What you copy should be the lines from the one with "Hộp 6 Ngăn Đựng" through the end of the entries, word for word. Omit the pictures.
***** Records
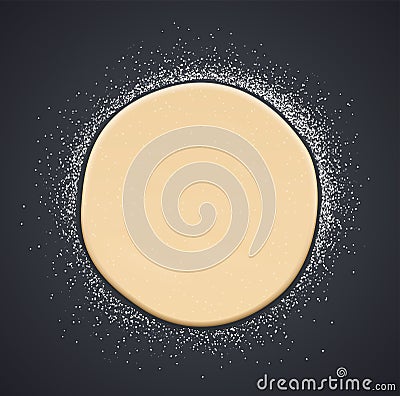 Kneading dough with flour. Vector illustration. Vector Illustration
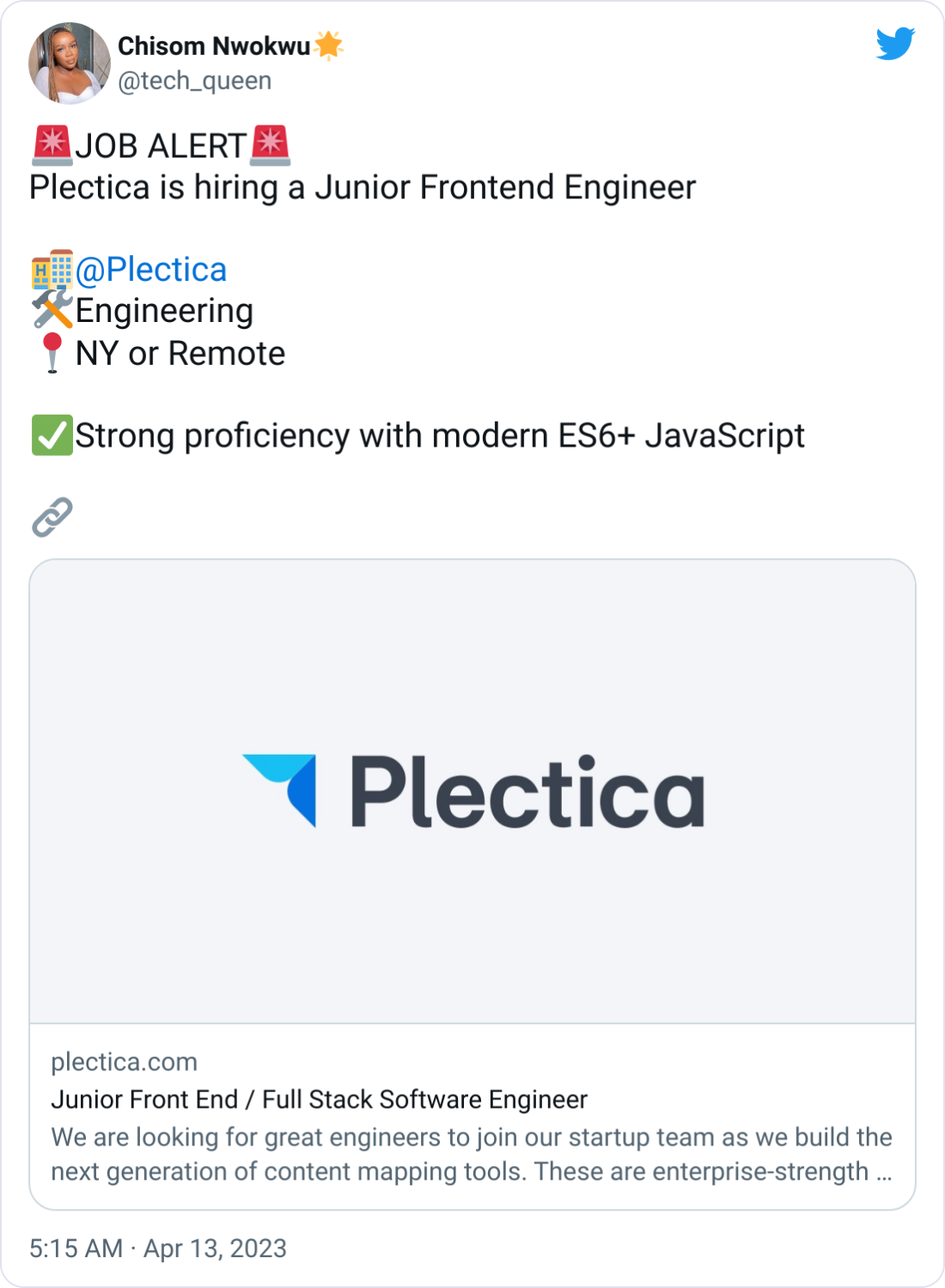 🚨JOB ALERT🚨 Plectica is hiring a Junior Frontend Engineer  🏨 @Plectica  🛠️Engineering 📍NY or Remote  ✅Strong proficiency with modern ES6+ JavaScript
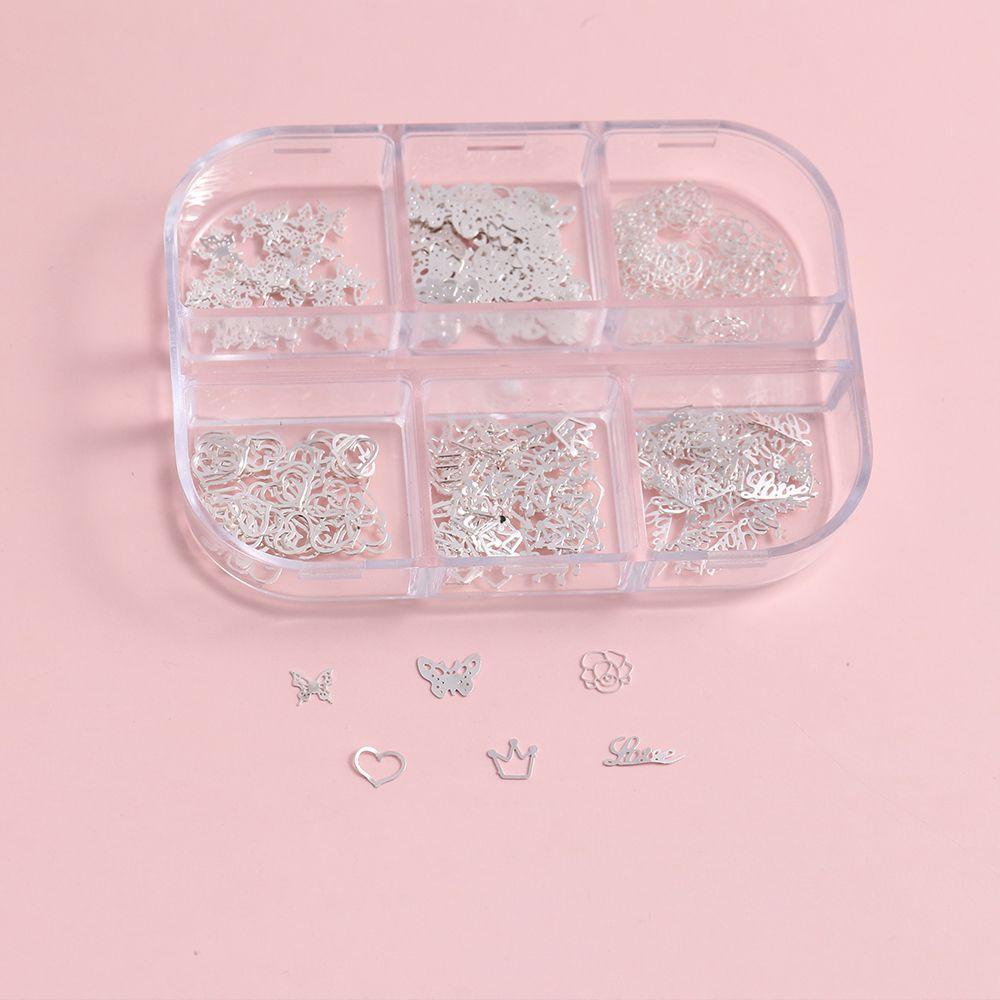 Hộp 6 Ngăn Đựng Phụ Kiện Trang Trí Móng Nghệ Thuật 3D Dễ Thương Cho Nữ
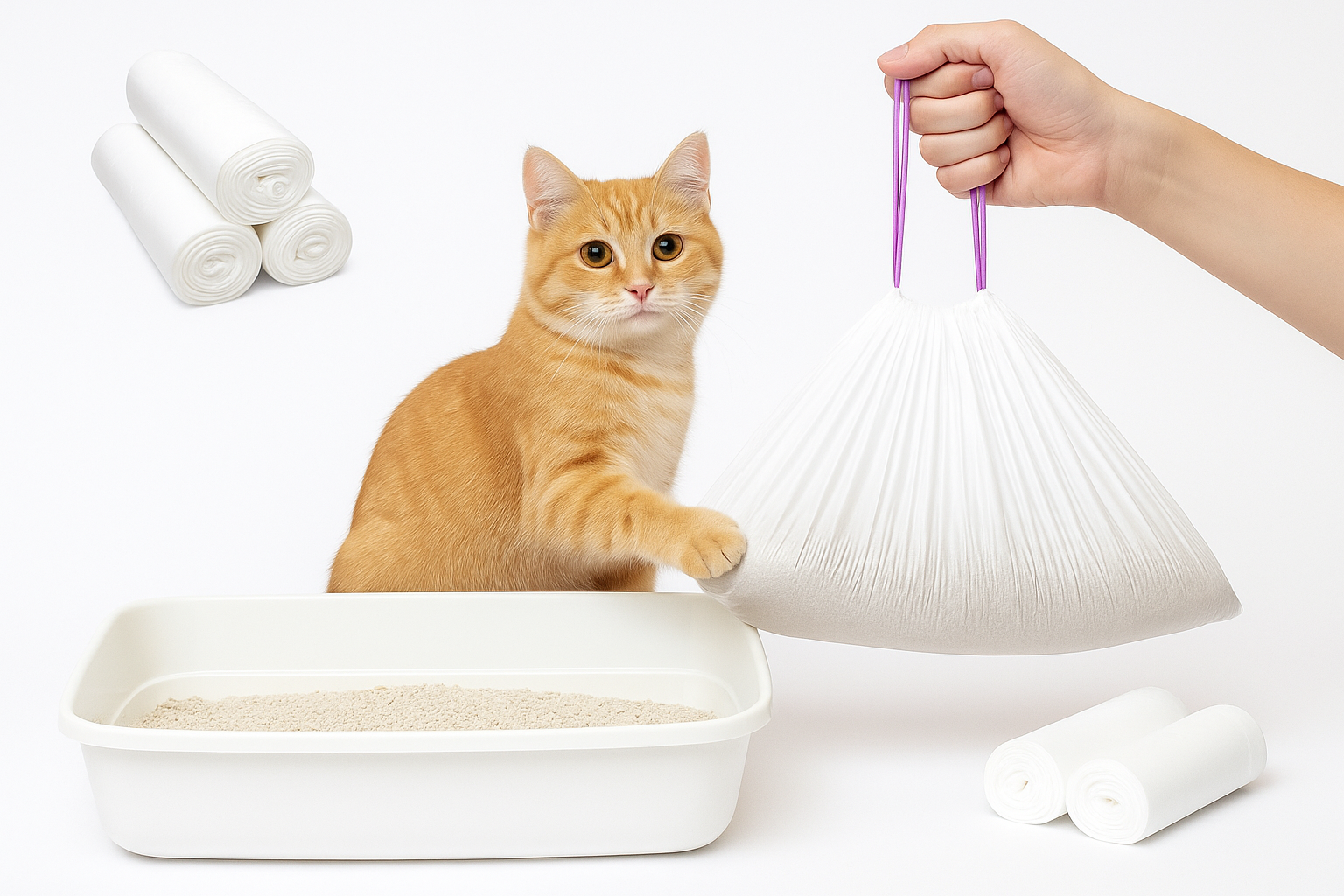 A clean litter box lined with a tidy plastic liner, ready for use by a cat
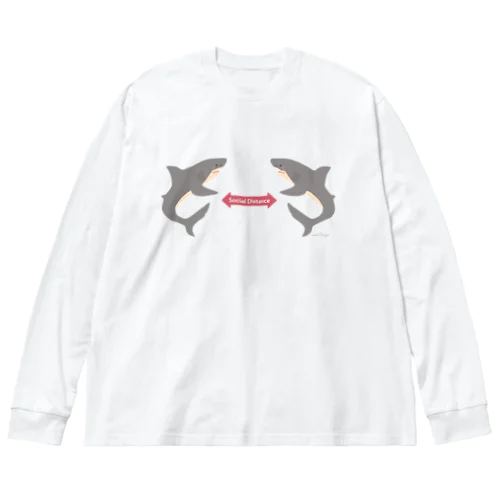 サメさんたちの #ソーシャルディスタンス/ 矢印が赤 ビッグシルエットロングスリーブTシャツ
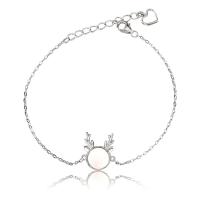 Moonstone Bracelet, 925 Sterling Silver, with Moonstone, platinum color plated, for woman Approx 5.9 Inch 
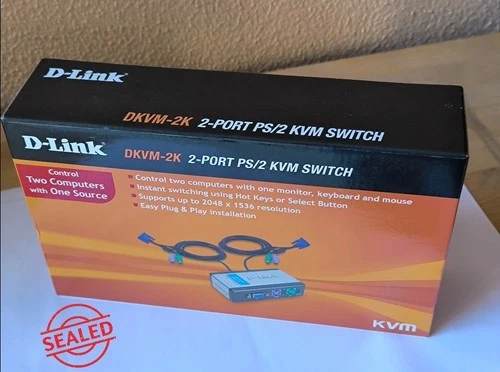 🖧 D-Link DKVM-2K 2 ports VGA + PS/2 KVM SWITCH - 2 PC LINK - New Sealed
**********
Problem solution
 Hộp 6 Ngăn Đựng Phụ Kiện Trang Trí Móng Nghệ Thuật 3D Dễ Thương Cho Nữ
 A clean litter box lined with a tidy plastic liner, ready for use by a cat
 サメさんたちの #ソーシャルディスタンス/ 矢印が赤 ビッグシルエットロングスリーブTシャツ
 Moonstone Bracelet, 925 Sterling Silver, with Moonstone, platinum color plated, for woman Approx 5.9 Inch 
 🖧 D-Link DKVM-2K 2 ports VGA + PS/2 KVM SWITCH - 2 PC LINK - New Sealed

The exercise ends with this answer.